This is a worrying issue because it happened in Version 1.39.1 and continues in Version 2.1.20 and it leaves the Server Configuration corrupt and the Server unable to communicate.

carlwgeorge commented 5 years ago

I don't think this has anything to do with nova-agent. Look at your logged output.

Sep 23 09:42:18 agent02 systemd-hostnamed: Changed static host name to 'agent02.company.com.localdomain'
Sep 23 09:42:18 agent02 systemd-hostnamed: Changed static host name to agent02.company.com.localdomain'
Sep 23 09:42:18 agent02 NetworkManager[507]: [1569228138.4040] settings: hostname changed from "agent02.company.com" to "agent02.company.com.localdomain"
Sep 23 09:42:18 agent02 NetworkManager[507]: [1569228138.4040] settings: hostname changed from "agent02.company.com" to "agent02.company.com.localdomain"
Sep 23 09:42:18 agent02 systemd-hostnamed: Changed host name to 'agent02.company.com.localdomain'
Sep 23 09:42:18 agent02 systemd-hostnamed: Changed host name to 'agent02.company.com.localdomain'

systemd-hostnamed and NetworkManager seem to be involved. In the Rackspace CentOS 7 server image, systemd-hostnamed is disabled by default, and NetworkManager is disabled and masked to prevent it from running. If you need to run those for some reason, I suggest opening a ticket with Rackspace to look into this.
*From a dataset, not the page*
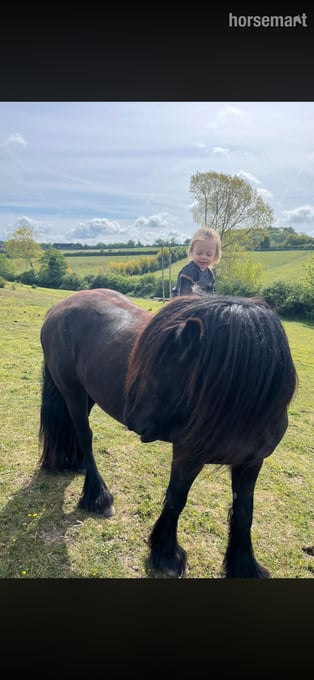 "Lulu" Black Mare Family Horse
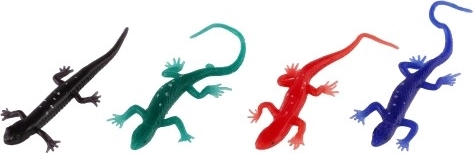 Ποικιλία χρωμάτων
domibay-hugo commented 5 years ago

It turned out that the "cloud-init" scripts were overwriting the system configurations as documented at https://stackoverflow.com/questions/49249375/how-to-disable-cloud-init-networking the necessary configurations in /etc/cloud/cloud.cfg.d/10_rackspace.cfg were not included in the old version of it and this file is copied manually during the installation.

So I could fix this issue manually adding the correct configurations to this file.

I'm sorry for the inconvenience I caused you.

carlwgeorge commented 5 years ago

Always happy to help, glad you got it sorted out.